Second, just to repeat what a whole lot of other people have said: not being able to come up with a single Supreme Court case you disagree with is really pretty staggering. There are the cases most people retain some dim memory of from high school: Marbury v. Madison, Dred Scott, Plessy v. Ferguson, etc. But, as Ed Kilgore points out, that and all those newspapers she reads are not her only source of knowledge:

“Supreme Court decisions are actually the one area of public policy in which Palin’s core constituency, the Christian Right, is extremely well-versed.

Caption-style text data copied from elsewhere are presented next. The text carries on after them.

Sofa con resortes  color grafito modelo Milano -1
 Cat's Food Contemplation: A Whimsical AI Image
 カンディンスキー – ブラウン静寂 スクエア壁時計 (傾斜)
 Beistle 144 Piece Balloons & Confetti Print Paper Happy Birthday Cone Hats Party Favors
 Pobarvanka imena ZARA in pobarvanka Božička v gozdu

Any anti-abortion activist worth his or her salt knows all about Griswold v. Connecticut, the famous “penumbra” decision that first established a constitutional right to privacy, and thus provided the key precedent for Roe. They’d also know about Casey v. Planned Parenthood, the 1992 decision that reaffirmed Roe and demonstrated the eternal perfidy of Reagan appointees O’Conner and Kennedy. And more than likely, they’d be familiar with Gonzales v. Carhart, the 2007 decision that validated the federal ban on so-called partial-birth abortions, with Kennedy performing remarkably gymnastic judicial contortions in squaring the decision with Casey. And social conservatives focused on gay rights would be able to remember Lawrence v. Texas, yet another Kennedy decision, which struck down state statutes illegalizing gay sex, and scandalously (to conservatives, at least) citing international law as a relevant factor.”

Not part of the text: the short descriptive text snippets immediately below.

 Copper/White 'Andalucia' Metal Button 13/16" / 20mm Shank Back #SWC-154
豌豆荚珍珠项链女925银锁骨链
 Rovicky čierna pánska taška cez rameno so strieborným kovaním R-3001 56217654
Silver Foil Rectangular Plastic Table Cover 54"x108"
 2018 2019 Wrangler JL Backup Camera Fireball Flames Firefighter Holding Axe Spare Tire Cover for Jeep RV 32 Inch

There are also other cases that are wildly unpopular on the right, and which she might have known about — e.g., Kelo v. City of New London (pdf). Likewise, cases like Exxon v. Baker (pdf), which she had to deal with as governor, and commented on at the time. (And “at the time” means last June, when it was handed down.) (h/t)

This isn’t about being a legal scholar. It’s about being able to come up with one single example, when there are a lot of separate reasons why you ought to be able to.

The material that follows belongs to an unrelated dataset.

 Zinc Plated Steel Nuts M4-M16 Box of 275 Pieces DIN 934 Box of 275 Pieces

Third, if Sarah Palin were to become President, it would be nice if she had some idea of how our system of government is supposed to work. In that light, consider the bit about whether there is an inherent right to privacy in the Constitution. Palin says yes, which is odd, since as Couric points out, that right is central to Roe v. Wade, and (pretending for the moment that what Palin said actually reflected anything worth calling a view) accepting it also means that she cannot accept the kind of Constitutional literalism that is gospel to a lot of conservatives. But Palin then goes on to say: “I believe that –individual states can handle what the people within the different constituencies in the 50 states would like to see their will ushered in in an issue like that.”

If there is a right to privacy in the US Constitution, then protecting it is a federal issue. It has to be. You just cannot say that there is a right to privacy in the US Constitution, but that what to do about that fact should be up to the states. Not if you understand what the Constitution is, and how our system of government works.

At the end of the day, though, the story isn’t Palin’s ignorance, or the fact that she is manifestly not prepared to be President. It’s McCain’s shocking recklessness in nominating her in the first place.

No one who put country first would have done that.